Children’s Books Ireland’s vision is an Ireland in which books are central to every child’s life. The organisation works with corporate and philanthropic partners to ensure that all children have access to reading, including those most in need. In the last year, Children’s Books Ireland donated 5,500 books to schools and charities as well as bringing writers and illustrators into schools, training teachers and librarians to build a culture of reading and providing invaluable information to parents and carers about excellent books for their children. Preliminary results of a survey on school libraries and the needs of schools in relation to books, in partnership with University College Dublin and the School Library Association in the Republic of Ireland, will be published in the Autumn.

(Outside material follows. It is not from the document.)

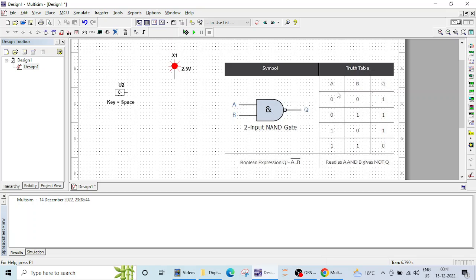If all inputs are low or any one input is low then output will be high. So let's verify this logical operation.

Children’s Books Ireland is funded by the Arts Council of Ireland.

 

BRIEFING NOTES

  • The school libraries grant of 2.2 million or approx. €4.52 per primary school pupil was cut in the 2008 budget.
  • In 2009 The Library Council surveyed schools and public libraries. This report (The Public Library and the School: Policies and Prospects for Library Services to Primary Schools in Ireland, 2010) found widespread dismay across the sector re. loss of this grant, that a majority of schools surveyed didn’t have libraries (53%) and a majority that did not intend to purchase library books from the school’s already overstretched capitation grant, which is used for all school running costs, from overheads to art supplies.
  • The Scottish Library and Information Council review (Williams, Wavell & Morrison, 2013) found that there is a considerable body of international evidence showing school libraries impact on:
    • Higher text or exam scores equating to academic attainment
    • Successful curriculum or learning outcomes, including information literacy
    • Positive attitudes towards learning
  • The Chartered Institute of Library and Information Professionals (CILIP) recommend an average stock of 13 books per pupil and 17 books per pupil for those over the age of 16 – CBI are confident most Irish school libraries will fall short of this.
  • International studies have found a significant link between reading for enjoyment and educational achievement; there is evidence that reading for pleasure has a greater impact on a child’s educational success than the family’s socio-economic status and could be an important way to help combat social exclusion and raise educational standards (OECD 2002).

 

The Growing Up in Ireland longitudinal study data showed:

  • At age 9, children with more books at home (30+ children’s books, including books on loan from libraries) are 30% more likely to read every day than those with 10–20 books at home. Working class, non-employed, lower income and lone parent households typically had fewer books.
  • At age 9, 6% said that they never read for fun, while at 13 it increases to 21%, with 33–33% of boys from working class or non-employed backgrounds reporting that they do not read for pleasure at all. It is of vital importance to increase access to books at this age, and school libraries are best positioned to reach these children.
  • Those who read for fun more often have higher levels of achievement in reading and maths, are happier, more self-confident as learners and have better socio-emotional wellbeing.